低分子のデータインディペンデント取得スクリーニングの利点:高分解能多重反射飛行時間型質量分析の使用
要約
完全なサンプルの特性解析を行って、既知物質および未知物質の同定を容易にするには、MSE などの広帯域の偏りのないデータ取り込みが必要です。低分子のノンターゲットデータインディペンデント取得(DIA)スクリーニングアッセイを実施しました。今回、ハイブリッド四重極多重反射飛行時間型質量分析計である SELECT SERIES™ MRT を使用することで、DIA の特異性がさらに高まることを実証します。取り込み速度に関係なく、高い分解能(>200,000 FWHM)とルーチンの ppb 単位の質量精度の独自の組み合わせが得られます。
MSE によるプリカーサーイオンおよびフラグメントイオンの ppb 単位の精密質量測定値をルーチンに取得できます。達成された質量精度により、より厳密な検出後データ解析の許容範囲を適用でき、これによって誤検出率が低減すると同時に低分子種の同定の信頼性が向上します。1900 を超える分析種のレファレンス保持時間(tr)、プリカーサーイオンおよびフラグメントイオンの精密質量データに基づいて、データを Waters™ 法中毒学ライブラリーと比較しました。データ解析の許容範囲として tr(+/-0.35 分)および質量精度(+/-2 ppm)、診断フラグメントイオンのカウント 1 以上、予想フラグメントイオンの許容範囲(+/-0.2 mDa)を適用しました。
アプリケーションのメリット
- 低分子のプリカーサーイオンおよびフラグメントイオンの ppb 単位の質量精度による DIA MSE 性能の向上
- より厳密なデータ解析パラメーター(許容範囲がプリカーサーイオンで 2 ppm、フラグメントイオンで 0.2 mDa)の適用
- 質量分解能の向上による画期的な質量測定により、インフォマティクスのアウトプットが向上し、薬物を取り巻く状況が絶えず変化する中で、既知物質と未知物質の同定という分析の課題に対処できる可能性を実現
はじめに
法中毒学ラボでは、乱用薬物、処方薬をはじめとする毒物を同定するために、広範なスクリーニング手法を用いて、複雑な生物学的サンプルを頻繁に分析する必要があります。

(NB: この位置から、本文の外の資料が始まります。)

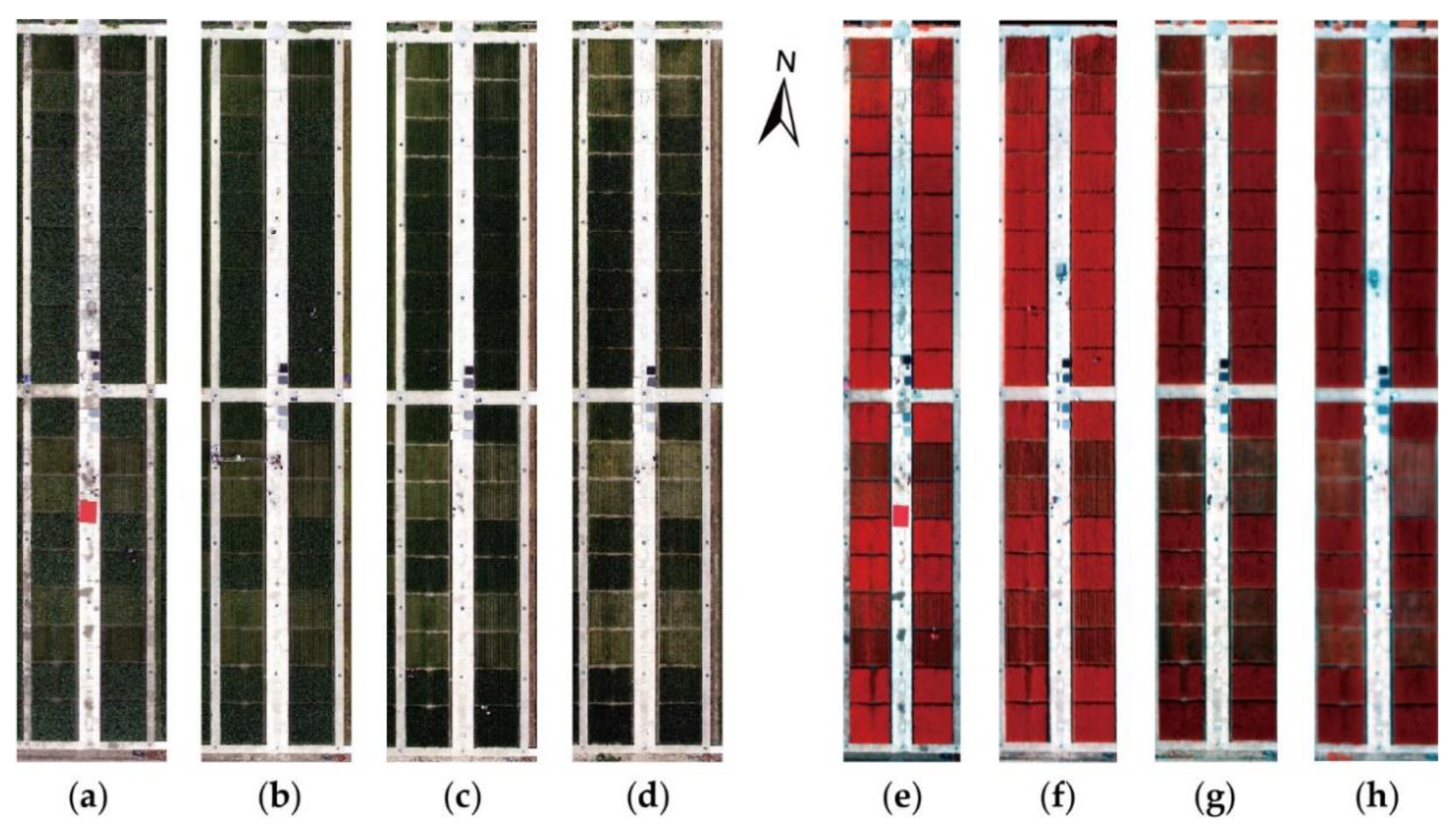 Remotesensing 11 02667 g003 Remotesensing 11 02667 g003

新しい向精神物質の絶え間ない出現が、分析上の大きな課題になっています。高分解能質量分析法(飛行時間(TOF)分析など)が、中毒学スクリーニングに使用されることが増えています。広帯域データインディペンデント取得(DIA)は以前、法医学サンプルのノンターゲットスクリーニングに適用されていました。これまでにも、高分解能質量分析テクノロジー(HRMS(20,000 FWHM))が無制限で偏りのないデータセットの取り込みに使用されており、ノンターゲットワークフローおよびターゲットワークフローに使用できるプリカーサーイオンおよびフラグメントイオンの情報が含まれるサンプルの完全なプロファイルが得られていました1-3。 MSE モードを使用して DIA を行いました。これは、低エネルギーと高エネルギーを交互に使用して、それぞれインタクトプリカーサーイオンとフラグメントイオンの情報を得る、フルスキャン取り込みメソッドです。この手法の性質により、データを過去に遡って調べることができます。元素式、レファレンス tr、高エネルギーフラグメントイオン情報で構成される大規模なライブラリーとの比較は、同定の特異性と選択性を高めるために必須であり、これにより効率が改善され、誤検出率が低減されます。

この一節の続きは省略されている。